His findings from nationwide search suggested that Python is much more in demand than R. This really intrigued me to see if the trend is the same among different data science jobs.
Objectives
In this analysis, I'll be trying to answer the following questions:
- What is the ranking of American cities based on job ads for Data Analysts, Data Scientists, Data Architects & Data Engineers?
- For Data Analysts, Data Scientists, Data Architects & Data Engineers, which analysis tools and programming languages are in highest demand by employers in Canada and U.S.?
Approach
Data was collected from three sources:
- Indeed.com: By web scraping with a modified version of Jesse's code, I collected data from job ads that had exactly "Data Analyst", "Data Scientist", "Data Architect" or "Data Engineer" in its text for 39 cities in U.S and for Canada nationwide. Then I created a dataframe containing names of data science tools & percent of job ads mentioning each tool.
- Indeed.ca: Same as above
- Stack Overflow kindly gave me permission to use their job ads dataset for "Data Scientists" in this study. The dataset contained information such as job title, company location, job ad description, etc.
Analysis
Ranking of American Cities based on Data Science Job Ads

You can see that almost all 53 cities had the most number of job ads for Data analysts followed by those for Data scientists, except for San Francisco, San Jose and Seattle.
There were similar number of job ads for data engineers and data architects, except for New York, Newark, Jersey City, San Jose, San Francisco, Seattle, Oakland and Fremont where there was a significantly higher number of job ads for data engineers than data architects.

In Newark, Jersey City, New York, Oakland, Washington, Fremont and San Francisco, there were a total of over 1000 job ads for Data Analysts, Data Scientists, Data Architects & Data Engineers combined together.

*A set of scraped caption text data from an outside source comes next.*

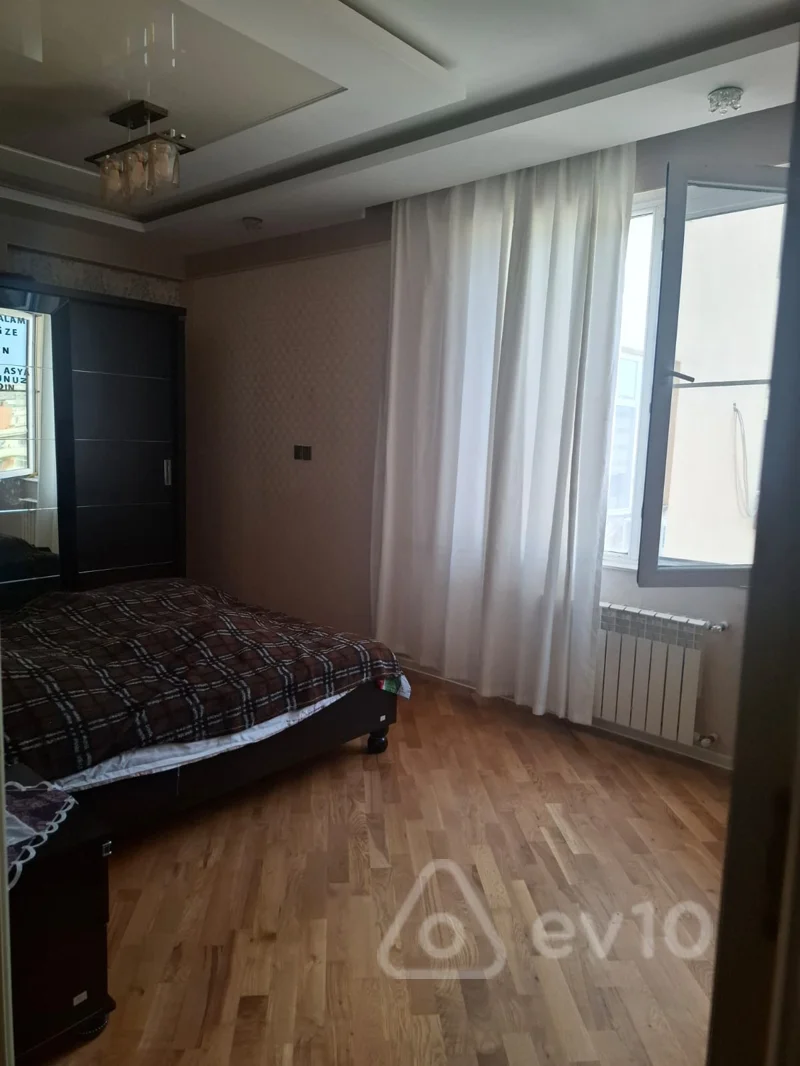 3 otaqlı mənzil, 90 m², Məhəmməd Hadi küçəsi — kirayə — Mənzil, Bakı (2)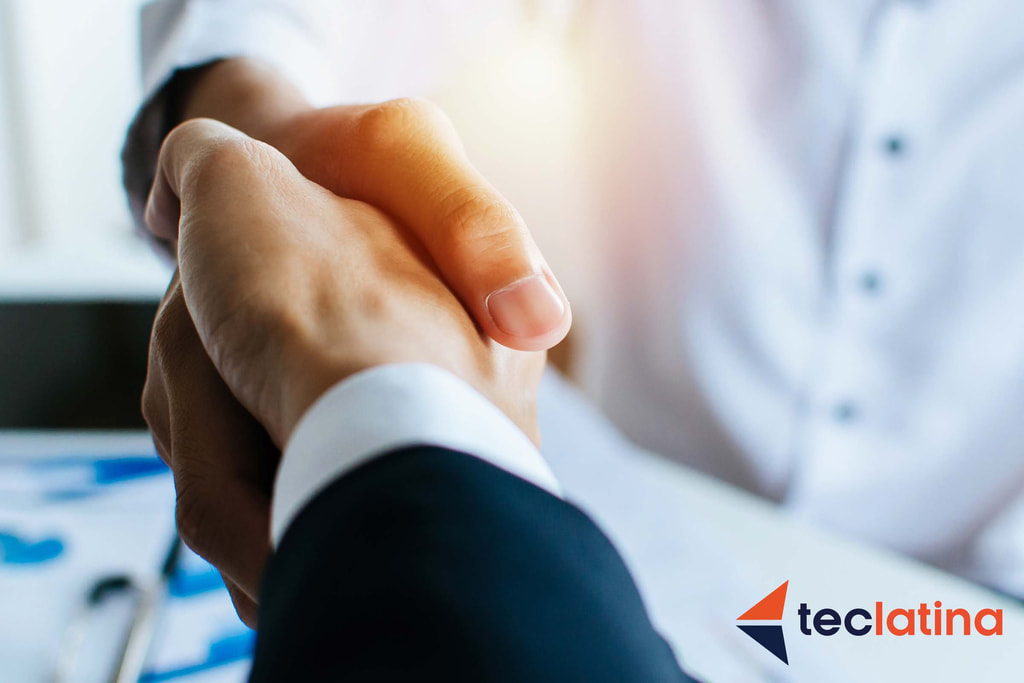Equipo TECLATINA empresa costarricense de tecnología y consultoría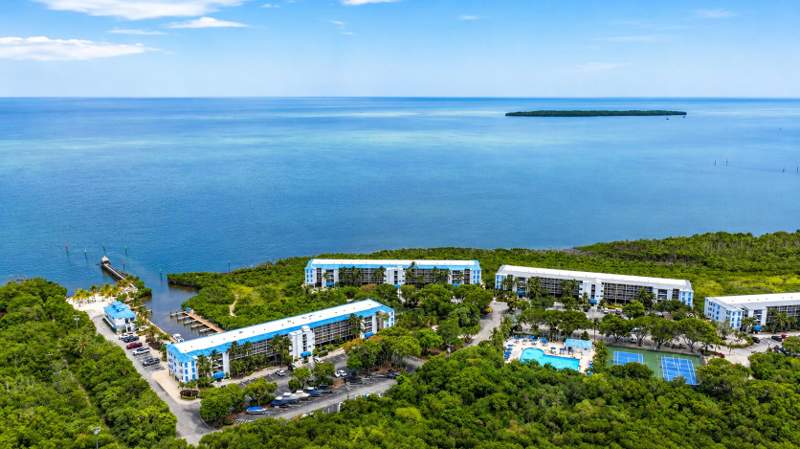 2 bedroom Condominium at 500 Burton Drive #4208, Ocean Pointe (92.5), Key Largo — photo 3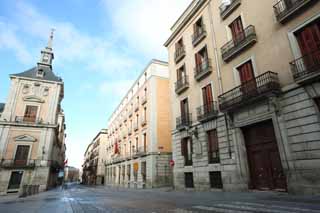 fotografia, material, livra, ajardine, imagine, proveja fotografia,A cidade de Madrid, , , , 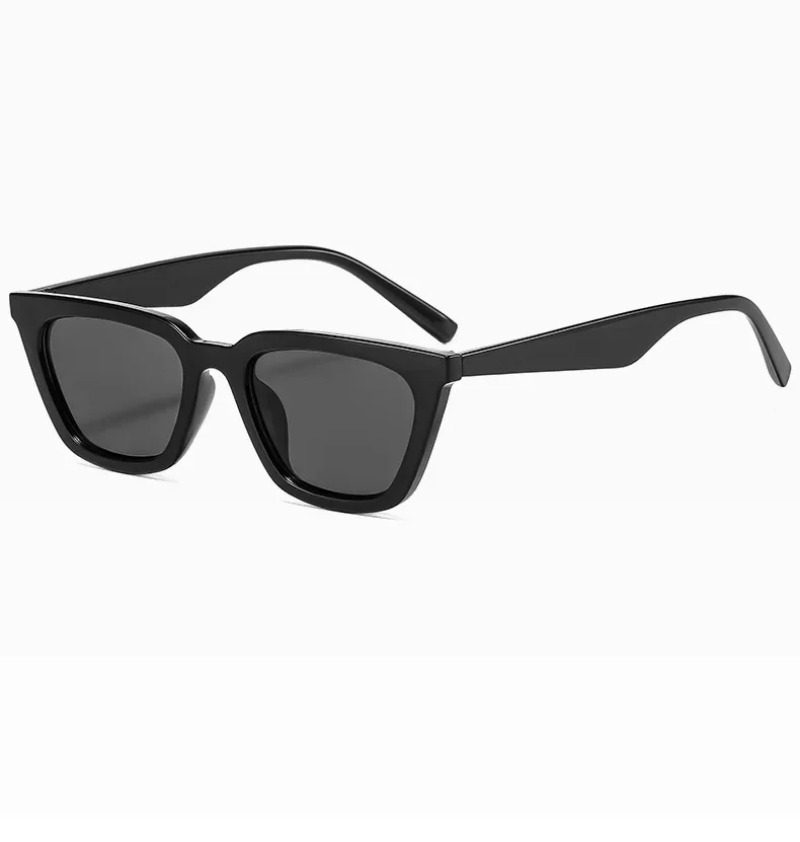 Kacamata Hitam Vintage Model M - Sunglasses Cat Eye ulasan dan harga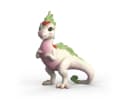 Schleich BAYALA Magischer Dinosaurier Spielfigur Bunt Bild 2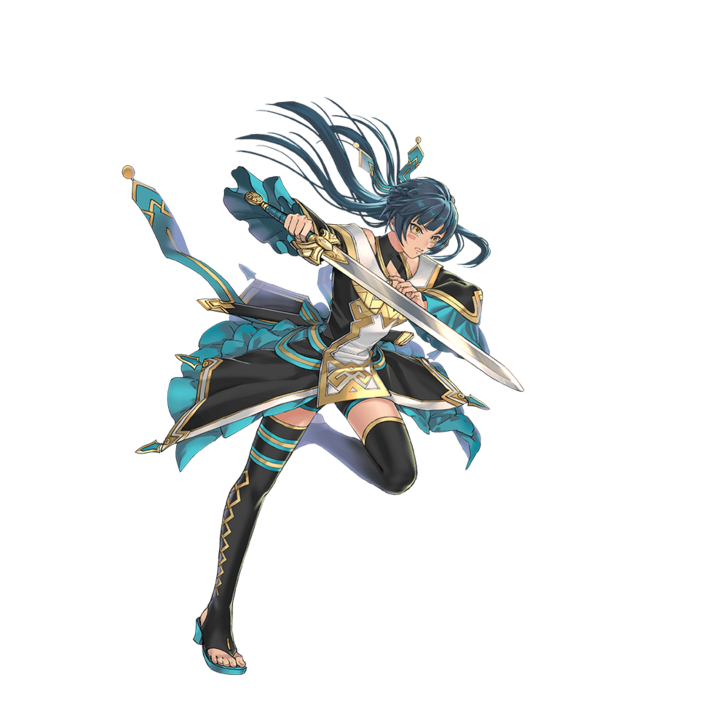 alt:Resplendent Athena Portrait 2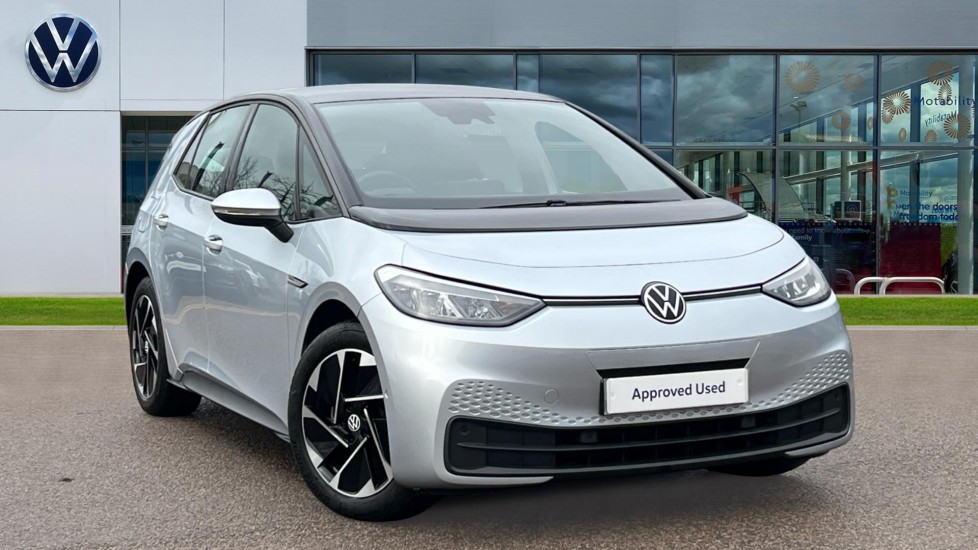 Main listing image - Volkswagen ID.3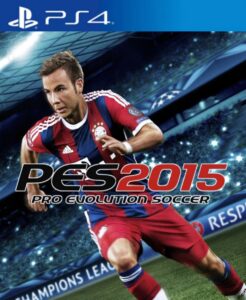 PS4 PES2015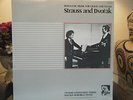 SHEFFIELD LAB 18 STRAUSS / DVORAK RECORD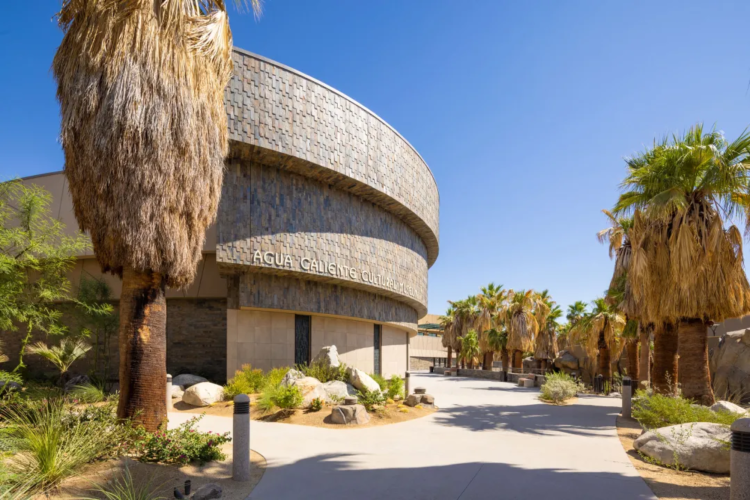 agua caliente museum in palm springs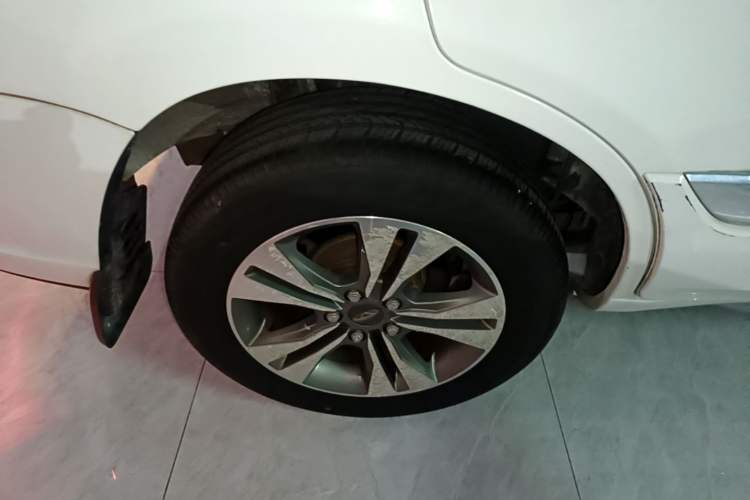 Used Chery Tiggo 3 2014 1.6L Manual Zhishang Edition Right Rear Wheel Hub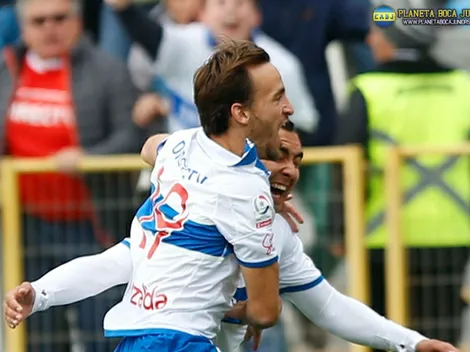 El gol del campeonato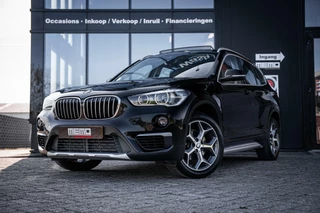 BMW X1 BMW X1 sDrive18i High Executive*PANO*NAVI*LEDER*AUTOMAAT*LED - afbeelding nr 3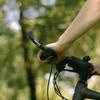 Thinvik Bike Bar Ends, Aluminium Alloy MTB Bicycle Bar Ends, One-piece Forging Bike Handlebar Ends for Mountain Bike, Matte Black - extended view 4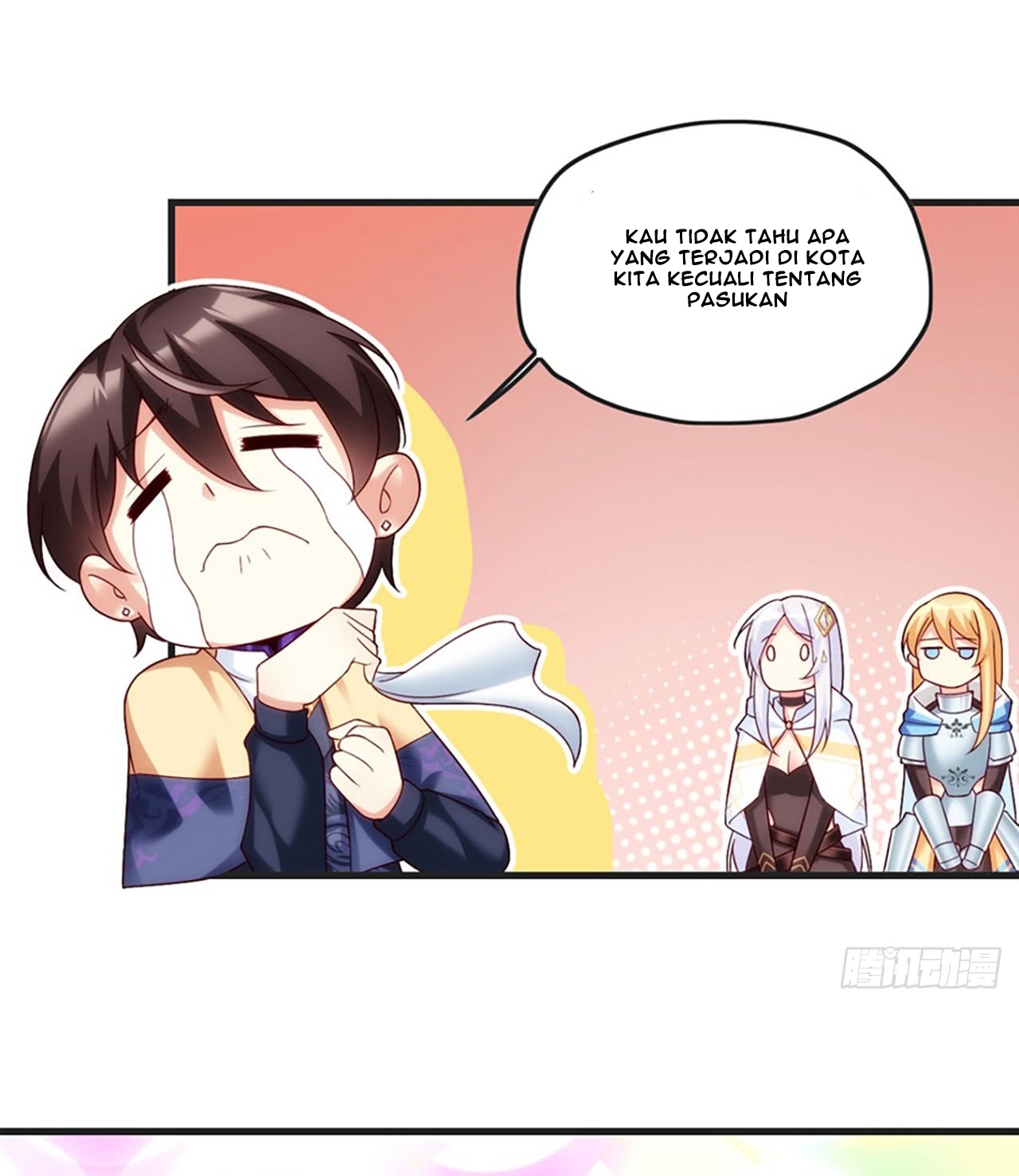 Useless Young Master Bab 07 halaman 51
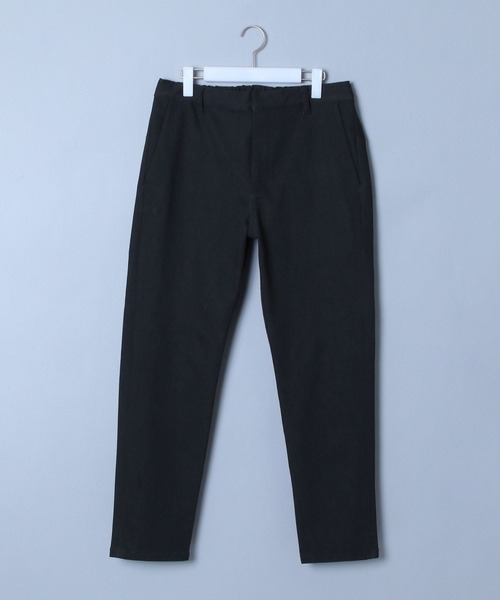 NUMERALS（ヌメラルズ）の「[NUMERALS/URBAN FIT]スリムデニム（デニムパンツ・メンズ・ネイビー/ブラック・MEDIUM/LARGE）」の2枚目の写真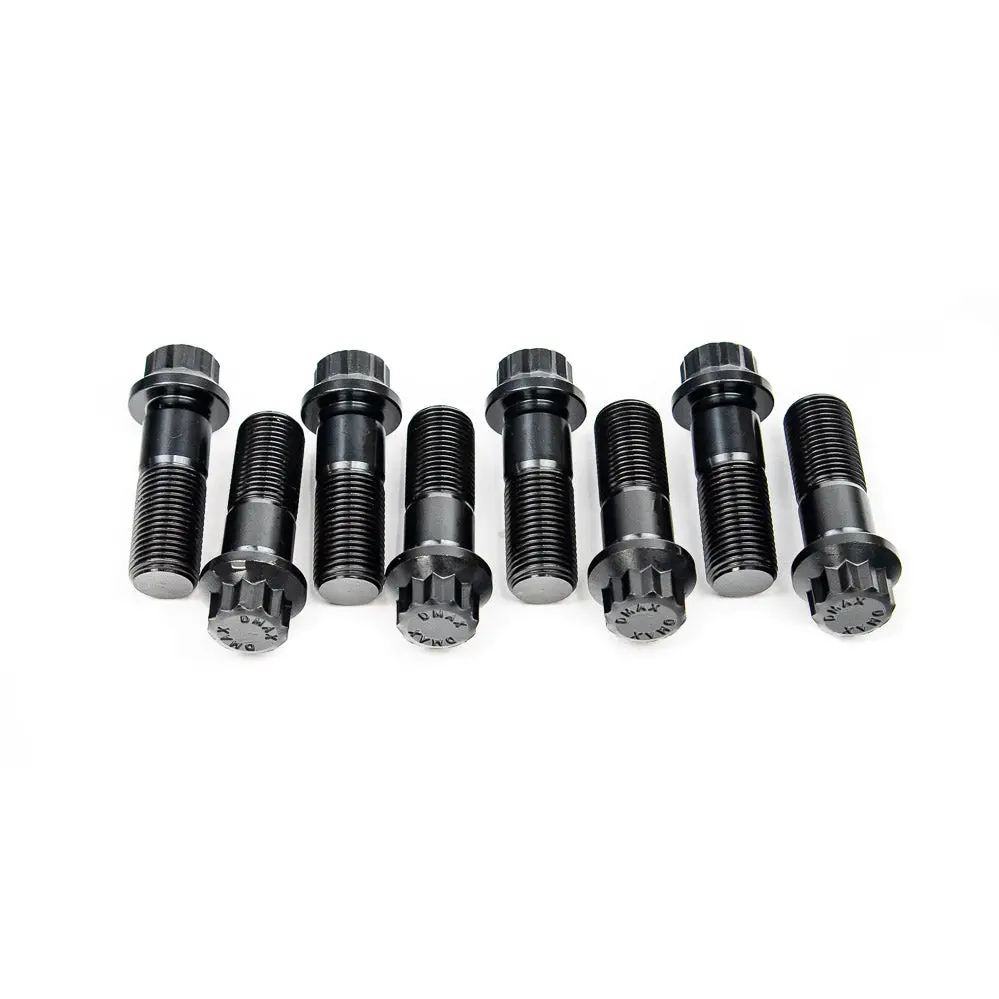 Dmaxstore Performance Flexplate Bolt Kit , 2001-2026 Lb7/Lly/Lbz/Lmm/Lml/L5p 2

San Jose had over 800 whereas Boston & Seattle had over 500.
Comparing Demand of Data Science Tools: U.S. vs. Canada


For data analysts, Excel seems to be more popular in U.S than Canada by 15%. However, SQL is much more popular in Canada by 15.7%. Most U.S. companies do not seem to be looking for R and Python skills in data analysts, with 12.4% of job ads asking for R and only 2.9% asking for Python! More Canadian companies are looking for data analysts with R and Python skills than U.S., with 16.1% of job ads asking for R and 12.3% for Python.
For data scientists, Python is winning over R in U.S by 1.1% but it is still a tie in Canada. When Jesse did the analysis last year, Python was ahead by about 8% so it seems R has caught up to it again. R language may have benefitted from Microsoft acquisition last year.
For data architects, SQL, Hadoop and Java are leading the pack with 45.2% of U.S. job ads asking for SQL & 18% for Hadoop, followed by 17.2% for Java and 32.7% of Canadian job ads asking for SQL, followed by 13.9% for Hadoop & Java.
For data engineers, SQL, Python and Hadoop are most requested in both U.S. and Canadian indeed job ads. Below, you can see, the list of top 15 data science tools that appeared in the indeed job ads for data analysts, data scientists, data architects and data engineers in U.S. and Canada.


Comparing Demand of Data Science Tools between U.S. Cities
Now, let’s see if the national trends are different from individual cities’. I will be looking at top 12 cities with the most number of jobs: Newark, Jersey City, New York, Oakland, Washington, Fremont, San Francisco, San Jose, Boston, Seattle, Chicago & Los Angeles.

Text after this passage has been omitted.